Actually the scene where Mellish dies in hand to hand combat while Upham is frozen in fear, unable to come to his aid is far more visceral than the opening scene on the beach.
 
but like that's the entire point of the film - that the US army would care so much to send an entire rescue unit out in the middle of the war to bring back a soldier. but they didn't and wouldn't.
Uh, yeah they would and they did.

In WW2 Elmer, Clyde, and twins Rolon and Rulon, were all killed within a few months of each other in 1944. Their parents then successfully petitioned for their fifth son Boyd, who was also on active duty, to be released from service. Their sixth son, Elton, who had not yet reached conscription age, was exempted from military service.

The three Butehorn brothers of Bethpage, NY, Charles, Joseph, and Henry, were all deployed during World War II. After Charles was killed in action in France in November 1944 and Joseph was killed in action in the Pacific in May 1945, Henry, who was serving with the Army Air Forces in Italy, was ordered home by the War Department.

And after WW2 the US instituted the "Sole Survivor" Policy which specifically exempted people from serving if they were the last surviving member of the family.
 
I get the symbolism. What I don't get is using George Clooney in a role that any bit player could have done. If you want the voiceover to have gravitas, don't distract the audience with George Clooney. Because when the viewer sees George Clooney appear on the screen they start wondering what he's going to do and say because they assume his character must be important to the plot. So they sit through the entire voiceover only half listening to it, straining to hear what the Clooney character is saying thinking it must be important somehow because George Clooney.
(A) you really love George Clooney eh?….couldn’t even think straight once he appeared.

(B) he had a much larger role that was filmed and was part of the first 5+ hour cut, but was ultimately largely chopped out of the film in the editing room. He wasn’t hired to be a cameo.

And on a deeper level a viewer could also think that the selection of Clooney is the director's way of fucking with the viewer; being deliberately obtuse just to screw with them. Just to demonstrate what an "auteur" he is. Yeah, well fuck you, Terry.

You sound livid that other people got it, and enjoy the movie….and are directing that rage at Clooney’s appearance.
 
Wrapped in a very entertaining collage.

Spielberg also assumed that we have seen a war movie or two… so he pushed the medium and literally showed us something novel that created a different viewing experience
This!

First and foremost, Spielberg didn't insult his audience or try to show them how clever he was.
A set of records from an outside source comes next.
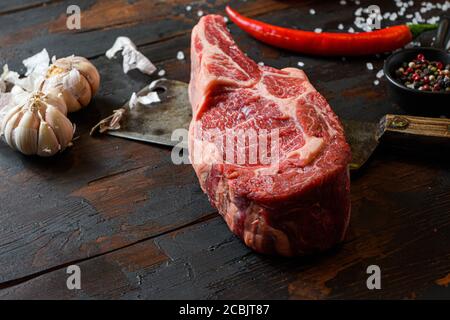 Rohes trockenes Cowboy Steak auf dunklem Holz Vintage-Tisch Hintergrund. Spencer Steak oder Beauty Steak BBQ mit Gewürzen, Rosmarin, Tomate, Chikie, Knoblauch Stockfoto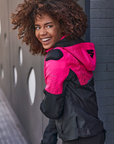 A young afroamerican woman wearing pink motorcycle jacket with the hood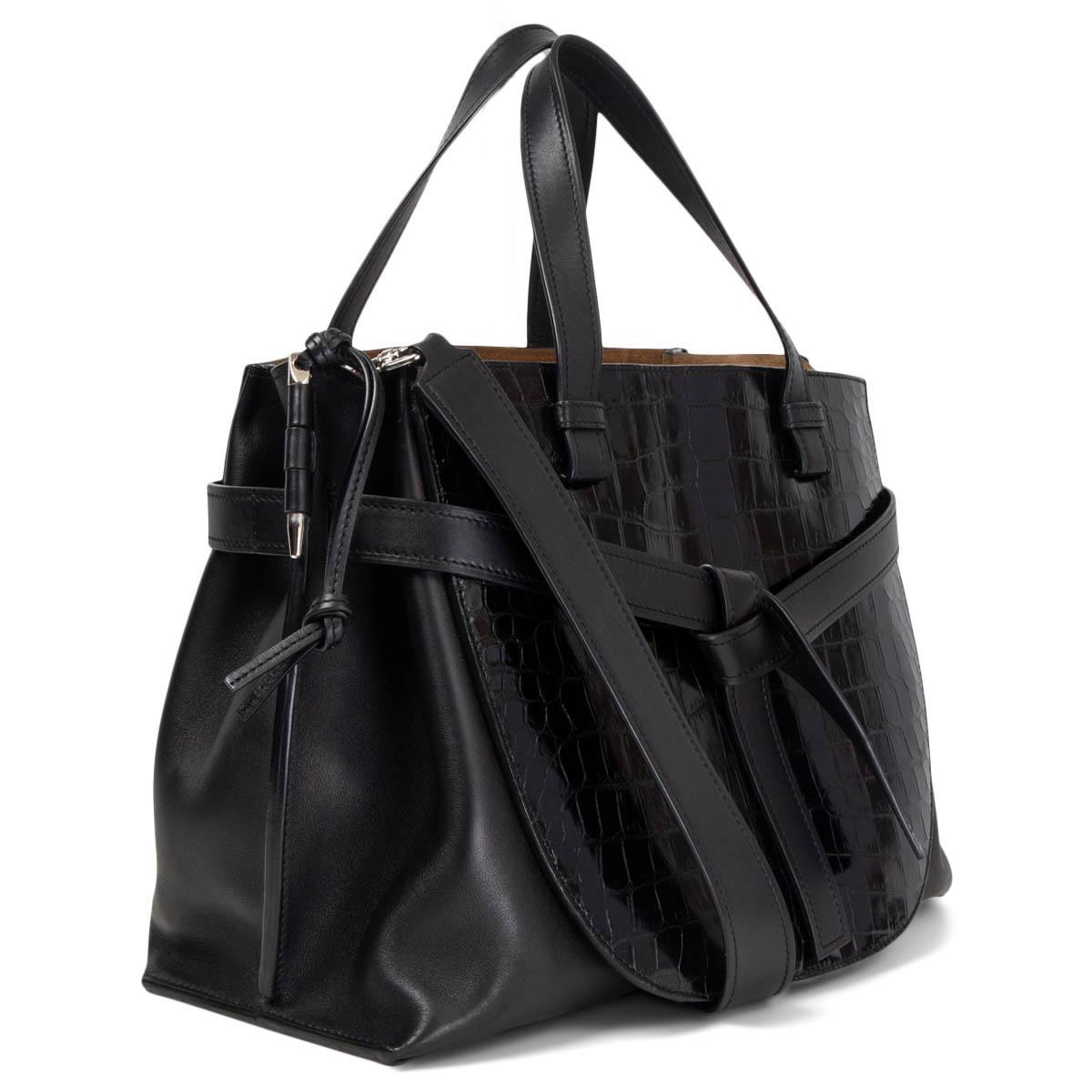 100% authentic Loewe Gate Top Handle Bag in black calfskin and crocodile. Design features leather knot detail and contrasting front panel. Interior is lined in beige suede and divided in three compartments with a zipped middle part and three patch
And no matter how many war movies you'd seen prior to SPR, NOTHING (short of being a veteran of actual combat) could possibly prepare you for that first 30 minutes. A cinematic masterpiece is one that affects you like no other film has ever affected you before. Spielberg took a well worn story about an event that many movies before have tried to recreate, and did something totally different with it. It blew the audience away and every scene that comes after that opening sequence is built on that visceral reaction. I've seen lots of war movies, read lots of books about war, and have a high tolerance for blood and guts but the first time I saw that in a theatre, when I saw that soldier on the beach who had been disemboweled, holding his bloody entrails in his hands and screaming for his mother, I was genuinely disturbed. That's what a great movie can do. That's the power it has in the hands of a skillful director.

Thin Red Line just bored the shit out of me. The only power it had was to induce the desire in me to take a nap.